CNN reported “A Quinnipiac University poll in March 2017 found 66 percent of nonwhites labeled prejudice a ‘very serious’ problem, while only 39 percent of whites felt the same way. Meanwhile, one in four whites (25 percent) said it was not a serious problem and only one in 10 nonwhites (11 percent) felt the same way.”

Racism festers in law enforcement. The Stanford Open Policy Project collected data on 60 million state patrol stops in 20 states, and found racial bias in policing. For instance police require less suspicion to search Black and Latinx drivers than Whites.

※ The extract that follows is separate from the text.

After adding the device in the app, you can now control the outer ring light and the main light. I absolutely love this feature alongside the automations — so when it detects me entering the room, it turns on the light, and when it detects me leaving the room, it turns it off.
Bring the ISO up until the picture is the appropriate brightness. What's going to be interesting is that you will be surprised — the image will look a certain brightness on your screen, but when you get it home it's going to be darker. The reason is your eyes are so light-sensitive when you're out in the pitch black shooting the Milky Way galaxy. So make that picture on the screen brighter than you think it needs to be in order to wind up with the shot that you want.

In 2017, the NAACP issued a travel advisory for Missouri, informing African Americans to “exercise extreme caution when traveling throughout the state given the series of questionable, race-based  incidents occurring statewide recently.” The travel advisory states that “African Americans in Missouri are 75 percent more likely to be stopped and searched  by law enforcement officers than Caucasians.”

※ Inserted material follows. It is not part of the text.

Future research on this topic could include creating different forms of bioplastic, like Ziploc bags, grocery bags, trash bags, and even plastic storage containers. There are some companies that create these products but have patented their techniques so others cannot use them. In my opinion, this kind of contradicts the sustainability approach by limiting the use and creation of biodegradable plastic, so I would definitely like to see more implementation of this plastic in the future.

In light of recent racially-charged incidents, author Jan Miles reinvented Victor Hugo Green’s 1936 The Negro Motorists Green Book, which helped Black Americans navigate safe hospitality needs during segregation. Miles told Think Progress she hopes her self-published 2017 book, The Post-Racial Negro Green Book will “draw increased public attention and a level of sustained concern about the racists outrages that now flicker  past Americans on Facebook and Twitter.”

The effects of racism span from economic to health-related. According to Statista, 40 percent of Black Americans report stress as a result of discrimination. Thirty-six percent of Asians report racism-related stress, compared to 31 percent of Native Americans and Alaskans and 27 percent of Latinx.

To be sure, other people of color, LGBTQ communities and religious communities are also subjected to racism, as well as homophobia and xenophobia.

Individuals and institutions are combatting racism utilizing cultural organizing and legal methods. Bystanders became allies in Oakland when a white woman called police on two Black men, Onsayo Abram and Kenzie Smith, because they were grilling.

Later, a rally, Grill Your Government, ended at a City Council meeting where residents asked for an ordinance that fines abusers of Oakland Police Department 911 system.

In New York, demonstrators including a mariachi band protested the racist tirade of an attorney who berated and threatened to call ICE on Spanish speaking workers at a restaurant. A petition to have the attorney disbarred was unsuccessful.

Decades after my initial run-in with racism, I am reminded that so many in this country are continually confronted with the legacy of hate that has poisoned its citizens for centuries. Citizenship for Americans cannot be allotted to some, but needs to be accessible to all.